4. TRUE GRIT dirs. Ethan and Joel Coen
We can talk about how the Coens masterfully showed the world how to do a remake properly. We can talk about the fantastic script that somehow evokes Charles Portis’ novel even more than the original John Wayne-helmed movie. We can talk about the fantastic cinematography by Roger Deakins (who was once again denied his award here) or Carter Burwell’s beautiful score. We can highlight the phenomenal male-lead performances whether it is Jeff Bridges expertly leaning into his gruffness or Matt Damon tapping into his often underutilized hamminess. But the true miracle of True Grit is in seeing Hailee Steinfeld, barely 13 when making this movie, absolutely command the screen with her presence and go toe-to-toe with her veteran male counterparts. And while I have enjoyed Steinfeld’s age-appropriate career in the years since, I cannot wait for her to land another role as star-making as her stunning debut.
3. SCOTT PILGRIM VS. THE WORLD dir. Edgar Wright
Granted the bar is fairly low, but Scott Pilgrim vs. The World is without a doubt the best video game movie ever made (even if it is not in fact based on a video game). Its zany, dazzling, and eye-popping tone might have been a recipe for a migraine in most circumstances, but thanks to Edgar Wright’s mastery of visual humor and comic timing the movie becomes a joyful and anarchic delight to watch. Michael Cera as the titular character who finds himself battling seven exes to claim the right to date his love interest may indeed have been typecast for the role, but it doesn’t nullify the fact that it was a role he was born to play. The movie was largely shunned when it was released, its box-office failure at least gives it the honor of being the first cult classic of the decade.
2. NEVER LET ME GO dir. Mark Romanek
Perhaps it was ultimately no surprise that a story as bleak and fatalistic as Kazuo Ishiguro’s novel would not turn out to be a shoo-in for box-office and awards season success. This is a shame because it is in its own quietly melancholic way nothing short of a modern masterpiece. Carey Mulligan, Andrew Garfield, and Keira Knightley were never better as three young adults faced with the nihilistic knowledge of their own mortality, and the paths they take to accept or fight their fates. The premise of the story itself is horrifying especially today when the cost of human life seems more than ever to actually have an economic price tag. The movie’s faithfulness to following through on this premise may be what doomed it as being conventionally appealing, but it is precisely why it holds its terrifying and poignant power.

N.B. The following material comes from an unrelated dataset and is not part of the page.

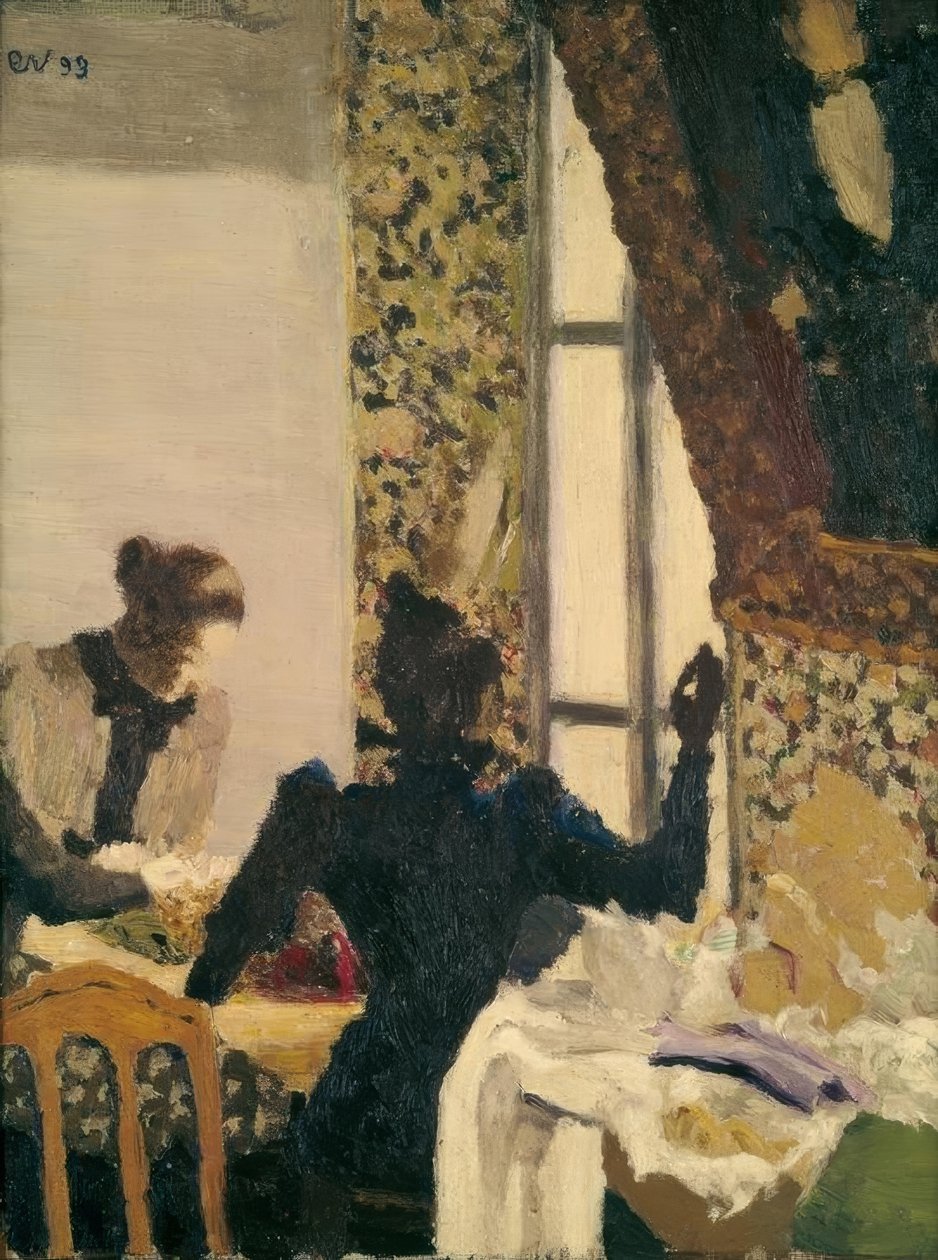 O fio de Edouard Vuillard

1. THE SOCIAL NETWORK dir. David Fincher
Let us all not forget the collective mocking disbelief we hurled the filmmakers’ way when we heard they were making a movie about “Facebook”. What we could not have counted on was that the movie would be so incredibly scripted by Aaron Sorkin, have a plethora of phenomenal performances, feature a score by Nine Inch Nails frontman Trent Reznor that still haunts me to this day, and be shot with such atmospheric beauty. And what we definitely could not have counted on was that the whole package would eloquently and prophetically capture the spirit of our times with our radical commodification of relationships and digitizing of our private lives (even the perceived meanness in its portrayal of Mark Zuckerberg and his worldview seem horrifyingly accurate now). No other movie on this list feels as fresh to watch today as the day I first saw it, and few other movies leave me more existentially terrified after seeing it again.